A Miami couple's suit on behalf of their daughter claims the limit discriminates against the most severely injured.
By Associated Press
Published August 31, 2004
MIAMI - Florida's caps on how much victims can collect in medical malpractice lawsuits are unfair and unconstitutional, a couple said Monday while filing a lawsuit that will serve as the first test of the new limits.
The law enacted last year limits a doctor's liability for noneconomic damages, such as for pain and suffering, to $500,000 in most medical malpractice cases.
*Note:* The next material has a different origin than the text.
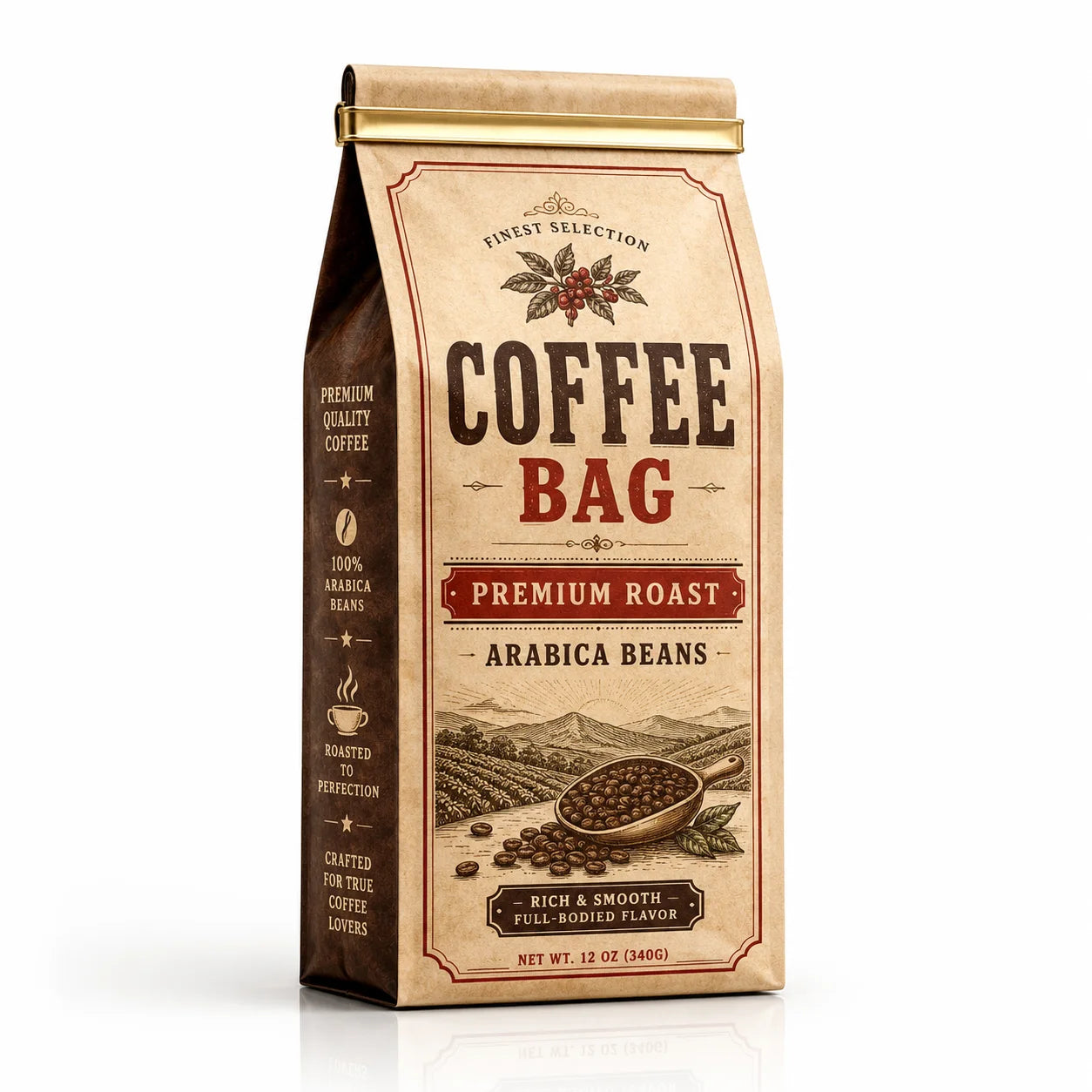 Custom Vintage Kraft Coffee Bag With Tin Tie Side Gusset Pouch Premium Roast Arabica Coffee Bean Packaging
The law is aimed at controlling skyrocketing insurance rates for physicians.
But caps discriminate against the patients who are injured most by medical mistakes by limiting their compensation, said Neal Roth, a lawyer representing Federico and Sonia Berges, who allege that two doctors misdiagnosed their daughter's illness.
"What you are effectively doing is stripping a person of their constitutional right of access to the courts," Roth said.
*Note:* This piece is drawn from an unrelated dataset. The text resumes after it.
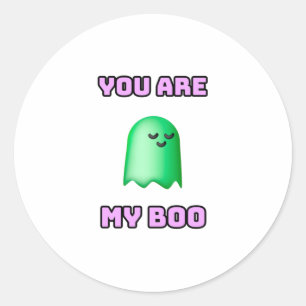 Pegatina Redonda Fantasma de Halloween - Eres mi novio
A spokesman for the doctors named in the suit, Miami physicians Belleitha Lambkin-Alexander and Rozalyn Paschal, said he hadn't seen the complaint and didn't immediately have a comment.
But Lisette Gonzalez Mariner, a spokeswoman for the Florida Medical Association, which pushed for capping malpractice lawsuit damages, defended the new law.
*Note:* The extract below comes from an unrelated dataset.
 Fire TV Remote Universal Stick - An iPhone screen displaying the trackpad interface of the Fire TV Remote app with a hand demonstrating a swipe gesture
While malpractice rates have continued to go up since its passage, the increase has been smaller than it otherwise would have been, Gonzalez Mariner said.
She said the organization expected a challenge to the new law and said trial lawyers need the prospect of large damages to make a living.
"This is their bread and butter," she said.
Insurance companies say rising damage awards have caused them to dramatically raise rates and doctors, particularly in high-risk specialties, have cut back their practices or quit.
Apart from having the limit on damages declared unconstitutional, the lawsuit filed Monday in state court in Miami seeks unspecified damages.
Doctors had treated the Berges' daughter Mariaelena for a cough and cold, but her symptoms got worse, the suit alleges. Her mother later took her to the hospital for continued symptoms and she eventually was seen by specialists who diagnosed Stevens Johnson Syndrome, a reaction to medication that can cause severe rashes, fever and swelling around the eyes that, if left untreated, can be fatal.
Mariaelena also suffered respiratory complications, as well as severe skin problems that have left her disfigured, the complaint alleged.
The girl "deserves to be compensated appropriately for the pain, suffering, disability and disfigurement she has suffered and will suffer for the rest of her life," Roth said.